I wanted to write a bit about my beer rating system, as I’ve now been using it for a while without any explanation, and it’s not necessarily obvious to anyone else what the different numbers mean.
The system is not very different from the “official” Camra rating system, but in case you’re not familiar with that one either, here’s a full description of how my system works.
Rated 1-5. The ratings go from 1 to 5. I don’t give any half marks. If a beer seems to be “on the border” between two scores, I’ll just have to make that more of an effort to decide which one it really belongs to.
1 – This score is reserved for undrinkable beers. I’ve not given this more than once or twice so far, and it’s normally a case of a poor beer in a poor condition.

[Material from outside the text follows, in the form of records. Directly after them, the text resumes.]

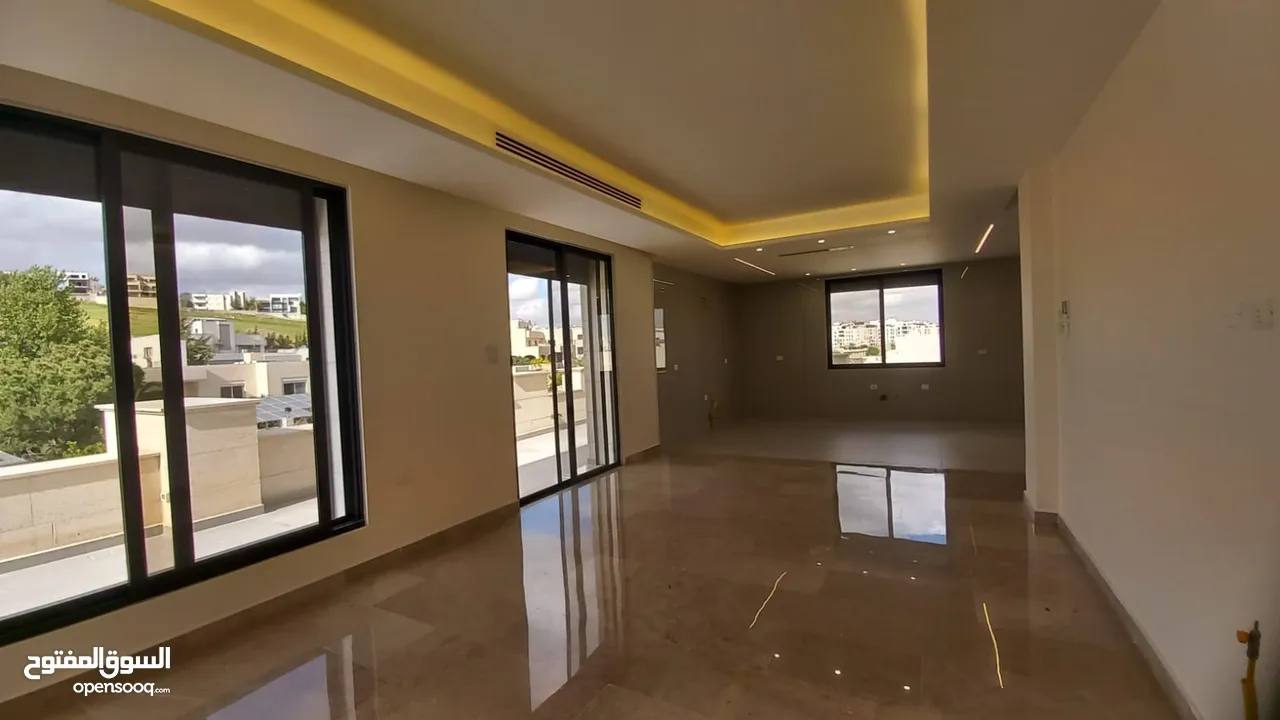 Luxury Apartment  for Sale In Abdoun ( Property 42304 )-174804546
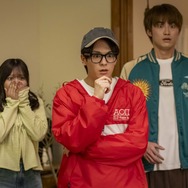 「パラレル夫婦 死んだ“僕と妻”の真実」第10話（C）カンテレ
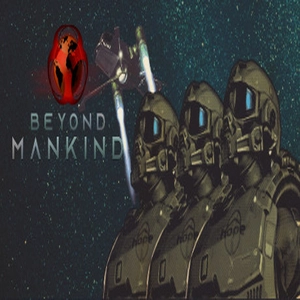 Beyond Mankind The Awakening
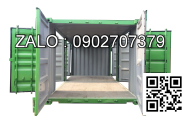 Cửa xoay tự động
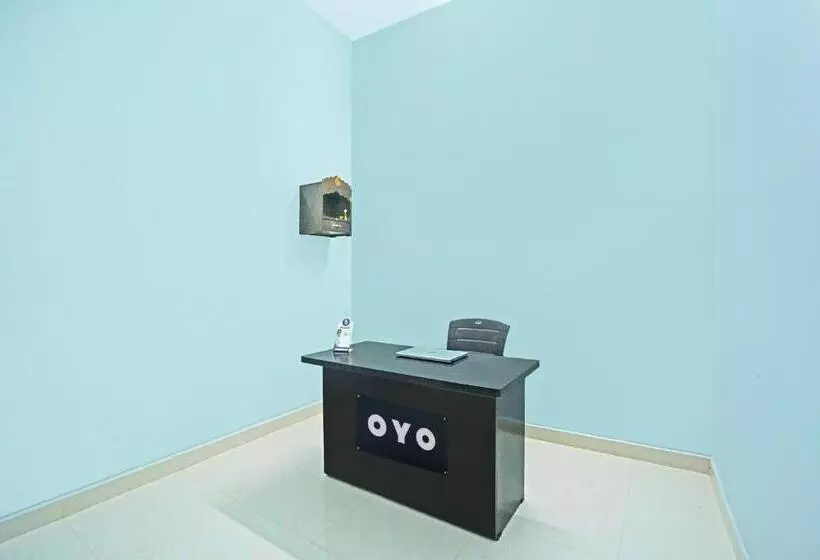 Oyo Hotel Nova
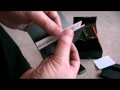 Orange San Francisco Handset Unboxing / First Look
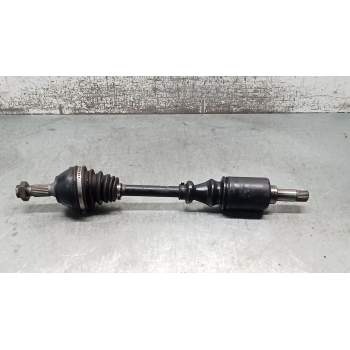 TRANSMISION DELANTERA IZQUIERDA 14G 1985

2 – Two is a score for beers I don’t like, but I can finish them. They are beers that I would gladly never drink again. It might happen, though, that I’ve given a beer 2, and then come across it at a later date where it fares better, simply because it’s been cared for better.
3 – Three is by far the most common score. This is probably also the widest. It covers beers that I like, but that don’t blow my socks off. Some might just be nice, inoffensive beers. Maybe a cold, crisp lager on a warm day by the sea. Others might be interesting beers with lots of flavour and ambition, but don’t quite work well enough to make a 4.
4 – On a good day you might have a couple of fours. Especially at a beer festival or an excellent pub where the beers have been expertly cared for, and served in pristine condition.
5 – Fives are rare. They should be. If they weren’t the system wouldn’t be very useful, as it wouldn’t be able to single out those beers that go the extra mile, past decent, through lovely and all the way to amazing.